I’ve converted the RAW samples to MP3 files, so you can hear what I heard coming out my headphones.

The conversion can be done without having to touch the mouse or click a button, by simply using sox and lame. Did I mention you can add sound effects using sox, as in echo, reverbs, as well as do mixing? Go read some manual pages to Get Good.

Random yet reasonably pleasing 8-bit music.

Generating better sounds

The above script generates 8-bit music because, well, we’re using one byte at a time. This gives us 256 different possible values to represent the sinusoid’s amplitude modelling the frequency. Those are very few possible values for such a function, and it accounts for the raspy sound. We say there’s poor quantization because our sample size (8-bits) lacks enough detail to accurately represent the curve.

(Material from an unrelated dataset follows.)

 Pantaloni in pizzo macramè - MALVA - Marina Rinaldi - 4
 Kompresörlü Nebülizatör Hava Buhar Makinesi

We can increase the sample size to anything our hardware supports. I know for a fact my sound hardware supports signed 32-bits litte endian samples. So, if we grab four bytes at a time, and turn them into a 32-bit signed little endian machine integer, each sample is going to be extremely high quality.

This requires two changes to the script that are so obnoxious to refactor, that I decided to write another script. We need to group by fours, and every time we have four samples pack them into the desired binary form. You should be able to figure out where these changes fit

  my @w;
  my $i = 0;
  ...
    push @w,$n;
    unless (++$i % 4) {
      my  = pack('N*',@w);
      print "$w";
      @w = ();
    }

and now

$ perl m32.pl | aplay -c 2 -f S32_LE -r 12000
Playing raw data 'stdin' : Signed 32 bit Little Endian, Rate 12000 Hz, Stereo

Much better

Now, raw samples, waveform files, and MP3 files are «final versions», in the same way an executable is to your source code. Wouldn’t it be nice to capture this raw samples and turn them into higher-level data we can manipulate as algebraic things, instead of having to rely on the physics and math of it? I certainly think so, and will have something to say about it Real Soon Now®.